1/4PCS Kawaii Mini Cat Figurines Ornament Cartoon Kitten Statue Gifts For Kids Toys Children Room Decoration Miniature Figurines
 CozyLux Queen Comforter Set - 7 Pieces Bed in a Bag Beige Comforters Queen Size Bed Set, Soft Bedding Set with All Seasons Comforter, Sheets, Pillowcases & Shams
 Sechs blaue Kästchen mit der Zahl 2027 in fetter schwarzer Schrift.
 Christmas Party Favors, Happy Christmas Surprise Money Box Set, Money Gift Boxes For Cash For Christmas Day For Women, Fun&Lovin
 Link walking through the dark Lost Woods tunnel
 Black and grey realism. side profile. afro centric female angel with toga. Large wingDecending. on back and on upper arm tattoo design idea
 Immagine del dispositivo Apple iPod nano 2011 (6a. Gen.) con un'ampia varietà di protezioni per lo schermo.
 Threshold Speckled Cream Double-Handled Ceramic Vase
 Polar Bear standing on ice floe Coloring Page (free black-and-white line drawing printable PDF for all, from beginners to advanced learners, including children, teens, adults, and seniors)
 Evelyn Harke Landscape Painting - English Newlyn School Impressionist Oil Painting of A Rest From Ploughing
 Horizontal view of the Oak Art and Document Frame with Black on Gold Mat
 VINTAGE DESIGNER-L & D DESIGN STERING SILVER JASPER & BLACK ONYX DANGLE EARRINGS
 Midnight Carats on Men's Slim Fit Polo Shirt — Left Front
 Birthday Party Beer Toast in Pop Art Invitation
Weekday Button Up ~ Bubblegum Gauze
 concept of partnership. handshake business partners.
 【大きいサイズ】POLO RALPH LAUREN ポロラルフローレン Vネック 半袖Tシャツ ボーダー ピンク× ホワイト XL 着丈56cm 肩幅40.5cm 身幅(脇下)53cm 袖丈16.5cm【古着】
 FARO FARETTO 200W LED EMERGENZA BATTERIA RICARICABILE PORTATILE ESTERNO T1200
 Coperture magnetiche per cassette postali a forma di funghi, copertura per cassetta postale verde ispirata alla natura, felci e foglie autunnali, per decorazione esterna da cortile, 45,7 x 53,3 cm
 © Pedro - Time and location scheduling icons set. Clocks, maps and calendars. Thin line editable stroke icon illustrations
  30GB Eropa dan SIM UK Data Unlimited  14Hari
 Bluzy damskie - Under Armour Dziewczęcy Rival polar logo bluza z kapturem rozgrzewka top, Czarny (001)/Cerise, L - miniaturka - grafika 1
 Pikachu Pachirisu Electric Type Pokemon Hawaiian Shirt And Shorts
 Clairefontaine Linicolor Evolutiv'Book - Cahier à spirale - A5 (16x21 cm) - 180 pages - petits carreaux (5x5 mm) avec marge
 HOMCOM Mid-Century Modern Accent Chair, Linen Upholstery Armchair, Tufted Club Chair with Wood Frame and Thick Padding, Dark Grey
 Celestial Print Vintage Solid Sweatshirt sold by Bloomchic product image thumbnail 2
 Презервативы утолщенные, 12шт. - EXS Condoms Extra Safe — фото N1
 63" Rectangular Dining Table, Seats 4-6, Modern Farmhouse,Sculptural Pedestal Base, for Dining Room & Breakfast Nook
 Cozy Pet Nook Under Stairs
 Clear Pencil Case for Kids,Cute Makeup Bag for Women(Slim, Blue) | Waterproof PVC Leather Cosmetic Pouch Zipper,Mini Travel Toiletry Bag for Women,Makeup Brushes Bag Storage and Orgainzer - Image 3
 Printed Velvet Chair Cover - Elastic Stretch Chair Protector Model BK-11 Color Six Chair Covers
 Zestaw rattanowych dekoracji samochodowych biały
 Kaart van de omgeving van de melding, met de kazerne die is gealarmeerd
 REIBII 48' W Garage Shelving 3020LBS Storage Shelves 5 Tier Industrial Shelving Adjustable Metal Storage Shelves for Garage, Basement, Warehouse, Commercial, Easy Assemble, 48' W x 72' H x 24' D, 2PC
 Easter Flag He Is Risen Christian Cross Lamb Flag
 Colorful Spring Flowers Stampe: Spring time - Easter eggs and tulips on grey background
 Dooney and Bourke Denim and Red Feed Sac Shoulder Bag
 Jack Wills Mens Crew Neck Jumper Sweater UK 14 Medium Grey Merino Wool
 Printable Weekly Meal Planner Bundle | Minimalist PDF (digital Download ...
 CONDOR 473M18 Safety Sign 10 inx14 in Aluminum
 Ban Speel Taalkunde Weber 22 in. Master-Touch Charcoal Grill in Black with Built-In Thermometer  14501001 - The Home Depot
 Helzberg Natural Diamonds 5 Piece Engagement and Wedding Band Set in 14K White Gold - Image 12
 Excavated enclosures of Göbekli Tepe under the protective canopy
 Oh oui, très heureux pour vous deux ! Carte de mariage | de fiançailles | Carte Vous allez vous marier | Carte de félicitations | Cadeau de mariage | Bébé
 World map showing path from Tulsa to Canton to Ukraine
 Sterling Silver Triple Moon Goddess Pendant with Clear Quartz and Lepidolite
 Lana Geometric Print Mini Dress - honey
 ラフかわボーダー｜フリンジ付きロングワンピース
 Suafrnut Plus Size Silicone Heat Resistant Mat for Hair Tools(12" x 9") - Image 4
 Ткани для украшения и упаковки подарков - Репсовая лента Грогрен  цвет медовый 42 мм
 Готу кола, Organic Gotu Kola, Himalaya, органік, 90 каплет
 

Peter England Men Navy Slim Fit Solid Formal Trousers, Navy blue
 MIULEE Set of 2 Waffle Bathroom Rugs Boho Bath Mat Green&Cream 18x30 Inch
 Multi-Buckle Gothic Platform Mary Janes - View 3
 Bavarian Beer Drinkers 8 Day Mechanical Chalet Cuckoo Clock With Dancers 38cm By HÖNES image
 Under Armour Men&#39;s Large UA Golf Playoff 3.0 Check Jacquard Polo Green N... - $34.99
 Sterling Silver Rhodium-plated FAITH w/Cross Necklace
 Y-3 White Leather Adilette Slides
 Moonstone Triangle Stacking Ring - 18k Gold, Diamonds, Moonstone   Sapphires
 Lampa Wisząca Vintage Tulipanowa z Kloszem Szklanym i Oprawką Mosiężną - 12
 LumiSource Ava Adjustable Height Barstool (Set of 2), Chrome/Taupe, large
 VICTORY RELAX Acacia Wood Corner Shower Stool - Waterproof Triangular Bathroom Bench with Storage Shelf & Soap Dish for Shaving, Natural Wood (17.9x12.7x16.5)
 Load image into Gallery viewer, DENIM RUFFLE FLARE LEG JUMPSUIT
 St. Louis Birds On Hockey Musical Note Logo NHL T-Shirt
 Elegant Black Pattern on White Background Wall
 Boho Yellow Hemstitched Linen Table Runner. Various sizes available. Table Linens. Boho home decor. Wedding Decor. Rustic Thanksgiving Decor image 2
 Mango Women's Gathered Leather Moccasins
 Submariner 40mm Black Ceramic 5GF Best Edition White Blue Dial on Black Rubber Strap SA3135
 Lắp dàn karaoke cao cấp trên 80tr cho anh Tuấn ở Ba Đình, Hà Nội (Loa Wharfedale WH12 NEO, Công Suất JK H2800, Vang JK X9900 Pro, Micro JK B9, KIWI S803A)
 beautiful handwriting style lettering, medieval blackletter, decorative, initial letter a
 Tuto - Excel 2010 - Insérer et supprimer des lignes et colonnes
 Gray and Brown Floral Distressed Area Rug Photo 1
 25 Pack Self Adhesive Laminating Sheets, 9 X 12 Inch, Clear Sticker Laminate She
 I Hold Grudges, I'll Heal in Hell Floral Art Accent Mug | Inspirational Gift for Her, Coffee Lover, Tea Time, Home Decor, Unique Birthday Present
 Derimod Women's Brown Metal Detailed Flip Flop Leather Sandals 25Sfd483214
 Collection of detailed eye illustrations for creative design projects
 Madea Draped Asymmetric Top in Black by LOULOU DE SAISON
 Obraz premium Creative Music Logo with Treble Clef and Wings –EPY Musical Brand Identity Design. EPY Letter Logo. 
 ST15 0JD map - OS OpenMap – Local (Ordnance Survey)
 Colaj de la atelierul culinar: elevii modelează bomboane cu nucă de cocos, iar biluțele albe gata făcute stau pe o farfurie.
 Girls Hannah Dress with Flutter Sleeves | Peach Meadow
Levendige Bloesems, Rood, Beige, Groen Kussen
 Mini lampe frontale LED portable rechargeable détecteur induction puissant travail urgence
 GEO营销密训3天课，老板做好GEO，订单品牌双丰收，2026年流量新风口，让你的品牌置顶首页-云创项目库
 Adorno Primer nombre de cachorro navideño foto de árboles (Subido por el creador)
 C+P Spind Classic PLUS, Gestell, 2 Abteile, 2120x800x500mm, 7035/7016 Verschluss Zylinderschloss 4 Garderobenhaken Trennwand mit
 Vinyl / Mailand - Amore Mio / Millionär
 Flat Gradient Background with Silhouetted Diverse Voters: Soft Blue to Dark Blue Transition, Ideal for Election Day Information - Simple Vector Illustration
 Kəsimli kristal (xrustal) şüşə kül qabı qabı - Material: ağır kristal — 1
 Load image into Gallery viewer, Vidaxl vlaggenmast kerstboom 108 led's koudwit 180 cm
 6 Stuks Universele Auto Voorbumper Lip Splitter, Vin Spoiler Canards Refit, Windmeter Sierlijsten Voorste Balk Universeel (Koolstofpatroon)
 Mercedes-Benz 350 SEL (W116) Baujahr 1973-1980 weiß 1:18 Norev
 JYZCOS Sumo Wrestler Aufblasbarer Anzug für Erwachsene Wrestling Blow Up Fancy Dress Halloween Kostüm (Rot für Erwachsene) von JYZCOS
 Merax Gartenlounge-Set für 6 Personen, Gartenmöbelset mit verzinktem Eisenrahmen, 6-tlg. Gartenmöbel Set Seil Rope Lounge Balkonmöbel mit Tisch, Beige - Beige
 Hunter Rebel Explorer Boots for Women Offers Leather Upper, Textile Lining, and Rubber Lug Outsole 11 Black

|---|

- _THE PROBLEM_:
Beginning at the line with "ST15 0JD map" and stopping after the line with "Levendige Bloesems, Rood, Beige, Groen Kussen", please write out every line of the data above exactly and nothing else.

- _TASK RESPONSE_:
 ST15 0JD map - OS OpenMap – Local (Ordnance Survey)
 Colaj de la atelierul culinar: elevii modelează bomboane cu nucă de cocos, iar biluțele albe gata făcute stau pe o farfurie.
 Girls Hannah Dress with Flutter Sleeves | Peach Meadow
Levendige Bloesems, Rood, Beige, Groen Kussen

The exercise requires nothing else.